[SCHEDULE 13G/A] PlayAGS, Inc. SEC Filing
PlayAGS, Inc.'s Schedule 13G/A discloses that Glazer Capital, LLC and Paul J. Glazer beneficially own 3,451,287 shares of PlayAGS common stock, representing 8.32% of the outstanding class. The holdings are reported as held through funds and managed accounts for which Glazer Capital acts as investment manager.
The filing states the Reporting Persons have no sole voting or dispositive power and instead hold shared voting and shared dispositive power over 3,451,287 shares.
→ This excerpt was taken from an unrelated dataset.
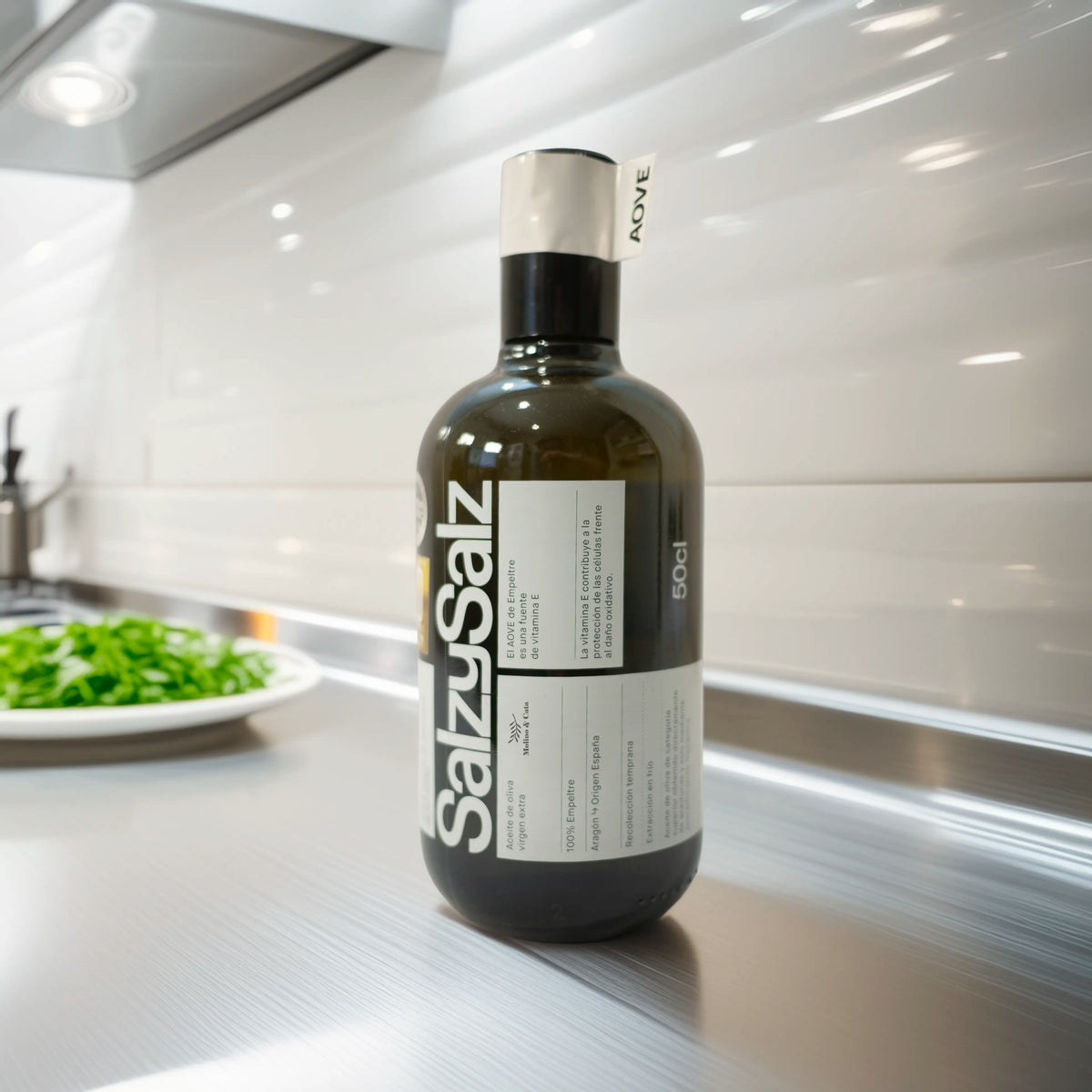 SalzySalz Empeltre Aceite de Oliva Virgen Extra 500ml en cocina profesional con ensalada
The statement also certifies the position was not acquired to change or influence control of the issuer, consistent with a passive Schedule 13G filing.
- Beneficial ownership of 3,451,287 shares (8.32%) — a material, greater-than-5% stake disclosed
- Filing certification states securities were not acquired to influence control, consistent with passive 13G disclosure
- No sole voting or dispositive power reported; all 3,451,287 shares are held with shared voting and shared dispositive authority, limiting unilateral influence
Insights
TL;DR Glazer Capital reports an 8.32% passive stake in PlayAGS, a material position without sole control.
Glazer Capital and Paul J. Glazer report beneficial ownership of 3,451,287 shares (8.32%). For investors this represents a noticeable concentrated holding that could affect trading liquidity and signals meaningful institutional interest. The filing classifies the position under Schedule 13G conventions and includes a certification that the securities were not acquired to influence control, implying a passive intent rather than an activist push. The absence of sole voting or dispositive power limits the Reporting Persons' ability to unilaterally direct corporate actions.
TL;DR Shared voting and dispositive authority means influence is collective, not unilateral; disclosure is material for governance monitoring.
The Schedule 13G/A shows shared voting and shared dispositive power over all 3,451,287 reported shares and explicitly reports zero sole voting or dispositive power. From a governance perspective, this limits the Reporting Persons' ability to effect change alone and frames them as significant passive holders. Companies and other shareholders should note the size of the stake for engagement and proxy considerations, but the filing itself contains no representation of an intent to alter control.